Adequate information on Fyffes' trading position was available to the market in early 2000 to allow ballpark estimates of its likely full-year losses, the High Court "insider dealing" case was told yesterday.
Richard Taffler, a professor of accounting and finance attached to Cranfield University in Britain, said the Irish market in particular did not seek to forecast first quarter results but would be interested in only the full-year picture.
He told Paul Gallagher, SC, for Fyffes, that there was no ballpark estimate available to the market at the end of January 2000, the conclusion of Fyffes' fiscal first quarter. He said it was not a relevant consideration because analysts would have been focusing on the full year, not the first quarter which was the least important period in Fyffes' trading year.
Prof Taffler quoted a Morgan Stanley Dean Witter research report of May 1999, which stated that "a strong stomach is necessary for enduring the volatility created by banana prices. Banana prices fluctuate wildly in both directions every year. Fruit companies must be viewed on the basis of a full year". He told Justice Mary Laffoy that first quarter results were not going to have, in market terms, the impact Mr Gallagher seemed to believe they should have had on Fyffes' share price because they were only one small part of its trading year.
Mr Gallagher yesterday concluded his cross-examination of Prof Taffler, who has been called as an expert for DCC in the action by Fyffes alleging insider dealing in connection with the €106 million sale of the DCC stake in Fyffes over three days in February 2000.
The action is against DCC, its chief executive Jim Flavin, and two DCC subsidiaries, S&L Investments and Lotus Green.

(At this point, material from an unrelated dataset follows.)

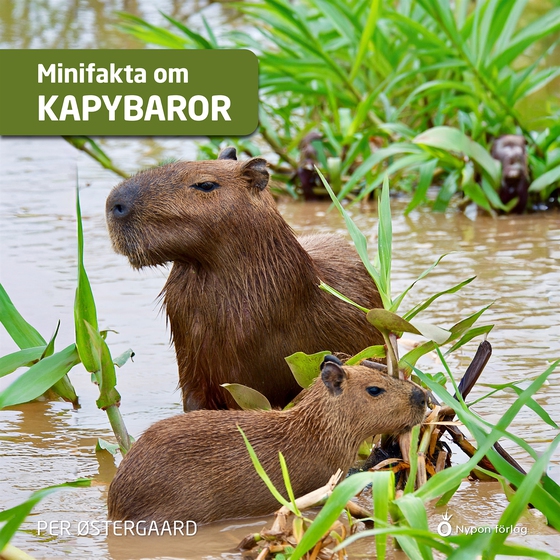 Minifakta om kapybaror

All deny the claims and plead the sales were properly organised by Lotus Green, a Dutch resident DCC subsidiary to which beneficial ownership had been transferred in 1995 for tax reasons.
Earlier, on the 73rd day of the action, Prof Taffler agreed with Mr Gallagher that, when the company announced on March 20th, 2000, uncertainty as to whether the full-year figures could be reached, the reaction of the market had been "immediate".

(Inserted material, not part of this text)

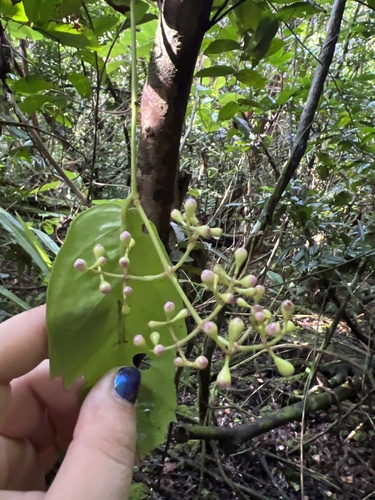 Syzygium thompsonii observed 2026-01-11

Mr Gallagher suggested that if information contained in two company reports available to Mr Flavin had been made generally available, not just to analysts but to the entire market, fund managers, traders and everybody else, the reaction would have been equally immediate.

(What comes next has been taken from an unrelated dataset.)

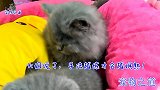 公猫和母猫头对头交流，嫌女主人话太多，公猫突然翻脸，太逗了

Prof Taffler said the market had reacted immediately on March 20th to the very clear profit warning "among other things".
He agreed the market clearly reacted far more strongly to a particular event such as the release of a profit warning.
On information emanating from the company having a significant effect on the market, Prof Taffler said one had to distinguish between new information and news.
On June 19th, 2000, the market effectively had not moved because all the information conveyed by management in the interim statement had already been known to the market.
As he recollected, there had been no significant or material movement on reaction to the interim announcement.
The case continues in the new law term before Ms Justice Laffoy.